Ken Biddulph

Personal information
- Full name: Kenneth David Biddulph
- Born: 29 May 1932 Chingford, London, England
- Died: 7 January 2003 (aged 70) Amberley, Gloucestershire, England
- Batting: Right-handed
- Bowling: Right-arm fast-medium
- Role: Bowler

Domestic team information
- 1955–1961: Somerset
- 1962–1972: Durham
- FC debut: 13 July 1955 Somerset v Worcestershire
- Last FC: 11 August 1961 Somerset v Glamorgan
- List A debut: 4 May 1964 Durham v Hertfordshire
- Last List A: 19 July 1972 Durham v Surrey

Career statistics
| Competition | First-class | List A |
| Matches | 91 | 5 |
| Runs scored | 468 | 1 |
| Batting average | 6.78 | 1.00 |
| 100s/50s | 0/0 | 0/0 |
| Top score | 41 | 1* |
| Balls bowled | 15,070 | 366 |
| Wickets | 270 | 5 |
| Bowling average | 27.61 | 33.80 |
| 5 wickets in innings | 10 | 0 |
| 10 wickets in match | 0 | 0 |
| Best bowling | 6/30 | 3/20 |
| Catches/stumpings | 37/– | 0/– |
- Source: CricketArchive, 16 May 2010

= Ken Biddulph =

English cricketer (1932–2003)

Kenneth David Biddulph (29 May 1932 – 7 January 2003) played first-class cricket for Somerset between 1955 and 1961, and later appeared in List A cricket matches while playing Minor Counties cricket for Durham between 1962 and 1972. He was born in Chingford, Essex and died at his home in Amberley, Gloucestershire.

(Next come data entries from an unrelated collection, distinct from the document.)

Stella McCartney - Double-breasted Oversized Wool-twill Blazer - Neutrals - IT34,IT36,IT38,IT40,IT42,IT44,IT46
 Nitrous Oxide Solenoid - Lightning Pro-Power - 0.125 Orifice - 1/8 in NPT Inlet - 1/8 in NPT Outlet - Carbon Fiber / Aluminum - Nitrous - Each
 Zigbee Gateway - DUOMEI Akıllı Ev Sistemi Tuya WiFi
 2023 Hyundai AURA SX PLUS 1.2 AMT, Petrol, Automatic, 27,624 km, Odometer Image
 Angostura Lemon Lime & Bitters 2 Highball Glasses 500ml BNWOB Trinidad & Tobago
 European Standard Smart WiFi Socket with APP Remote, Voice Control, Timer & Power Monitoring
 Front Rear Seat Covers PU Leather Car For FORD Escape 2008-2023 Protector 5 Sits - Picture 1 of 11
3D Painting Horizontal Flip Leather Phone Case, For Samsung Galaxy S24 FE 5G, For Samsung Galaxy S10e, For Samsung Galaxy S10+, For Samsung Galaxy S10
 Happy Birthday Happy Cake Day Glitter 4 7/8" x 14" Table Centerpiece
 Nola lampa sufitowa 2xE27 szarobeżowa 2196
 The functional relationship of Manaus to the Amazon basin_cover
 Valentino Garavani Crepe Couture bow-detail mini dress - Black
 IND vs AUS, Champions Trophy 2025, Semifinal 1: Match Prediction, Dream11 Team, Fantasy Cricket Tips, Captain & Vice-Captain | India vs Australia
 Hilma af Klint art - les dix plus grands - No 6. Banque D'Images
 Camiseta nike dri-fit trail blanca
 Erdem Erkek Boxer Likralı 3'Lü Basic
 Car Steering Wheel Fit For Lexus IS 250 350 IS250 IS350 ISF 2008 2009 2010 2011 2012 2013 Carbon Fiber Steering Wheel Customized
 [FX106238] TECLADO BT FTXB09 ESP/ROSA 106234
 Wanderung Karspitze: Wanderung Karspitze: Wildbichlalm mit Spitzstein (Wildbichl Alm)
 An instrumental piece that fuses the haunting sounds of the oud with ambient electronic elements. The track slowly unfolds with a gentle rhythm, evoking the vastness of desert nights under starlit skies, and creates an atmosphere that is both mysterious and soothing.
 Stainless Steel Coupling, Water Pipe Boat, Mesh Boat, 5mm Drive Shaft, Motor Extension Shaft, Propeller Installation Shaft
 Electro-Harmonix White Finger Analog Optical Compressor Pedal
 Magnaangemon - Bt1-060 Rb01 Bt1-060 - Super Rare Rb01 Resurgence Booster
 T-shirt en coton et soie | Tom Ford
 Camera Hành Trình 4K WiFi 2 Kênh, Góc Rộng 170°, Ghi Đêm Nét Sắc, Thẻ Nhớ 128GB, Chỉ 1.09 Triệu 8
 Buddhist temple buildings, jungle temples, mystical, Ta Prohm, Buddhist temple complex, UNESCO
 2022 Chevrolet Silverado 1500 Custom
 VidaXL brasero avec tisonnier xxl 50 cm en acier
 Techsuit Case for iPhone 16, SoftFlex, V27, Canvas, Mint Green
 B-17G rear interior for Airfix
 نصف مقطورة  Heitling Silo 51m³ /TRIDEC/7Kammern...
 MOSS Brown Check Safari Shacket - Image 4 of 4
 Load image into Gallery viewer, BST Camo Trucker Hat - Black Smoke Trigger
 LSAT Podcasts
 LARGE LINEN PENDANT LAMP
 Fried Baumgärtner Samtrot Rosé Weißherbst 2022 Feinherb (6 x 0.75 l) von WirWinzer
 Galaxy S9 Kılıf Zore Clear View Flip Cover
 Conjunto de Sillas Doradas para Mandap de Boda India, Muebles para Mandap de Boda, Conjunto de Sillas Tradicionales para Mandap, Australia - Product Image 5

Ken Biddulph was a right-arm fast-medium bowler and a tail-end right-handed batsman. Colin McCool, who played alongside Biddulph on the Somerset side of the late 1950s, was not complimentary about Biddulph's abilities as an opening bowler in his ghosted book Cricket is a Game (1960), though Biddulph took a total of 162 wickets over the 1959 and 1960 seasons.

==Cricket career==
Having played for the Somerset second eleven in 1954, Biddulph made his first-class debut in two matches during the 1955 season, taking three wickets in his first match against Worcestershire. There were seven first-class matches in 1956 and three in 1957. In the match against Derbyshire at Derby in 1956, he took five wickets for 46 runs in Derbyshire's first innings, finishing the innings off with a spell of five for 8 with the second new ball.

Biddulph gained a more regular place in the first team in 1958 as the deputy for regular fast-medium bowler Bryan Lobb, playing in almost half the matches as Somerset finished third in the County Championship, the county's highest position since 1892. In his first match of the season, against Kent at Dartford, he took six second-innings wickets for 64 runs, his best career performance to that date. He improved that performance later in the season in the home match against Worcestershire at Taunton, when he and Bill Alley took all the wickets as Worcestershire were dismissed for 68; Biddulph's share was six for 34.

Lobb retired from regular first-class cricket at the end of the 1958 season to become a teacher, and Biddulph stepped up in 1959 to be Somerset's regular opening bowler, usually forming a not-much-more-than-medium-paced opening attack with Alley or Ken Palmer. He took 79 wickets at an average of 24.35 and was awarded his county cap. He took five or more wickets in an innings four times and improved his own personal best with six for 30 in the match against the Combined Services at Taunton, and these were the best figures of his entire career. His figures for the 1960 season were similar: 83 wickets at an average of 27.28.

In its review of Somerset's 1960 season, Wisden Cricketers' Almanack wrote that lack of a match winning fast bowler was the main cause for the team's poor performance: "Biddulph, Palmer, and Alley bowled accurately enough, but their medium-fast deliveries lacked penetrative power," it wrote. In the 1961 season, Palmer's bowling became much more successful, but Biddulph, by contrast, lost form. He dropped out of the first team halfway through the season and at the end the season, he was not re-engaged. In an article after Biddulph's death, the cricket author Stephen Chalke wrote: "[His] moment on the stage had passed... Ken Biddulph quickly realized when his contract was not renewed in 1961. 'The sports shop in Taunton had a cut-out of me in the window, bowling. And the next time I walked past, it had gone.'"

==After Somerset==

Biddulph went into League cricket on leaving Somerset and was a regular in Durham's Minor Counties side from 1962 until 1969, reappearing in four matches during 1972. In this period, he played five List A matches for Durham in the Gillette Cup competition.

Biddulph joined the staff at Wycliffe College in Stonehouse, Gloucestershire as the Cricket and Squash professional in 1985. He retired at the age of 60 in 1992, but he was active in cricket coaching in the West Country almost up to his death.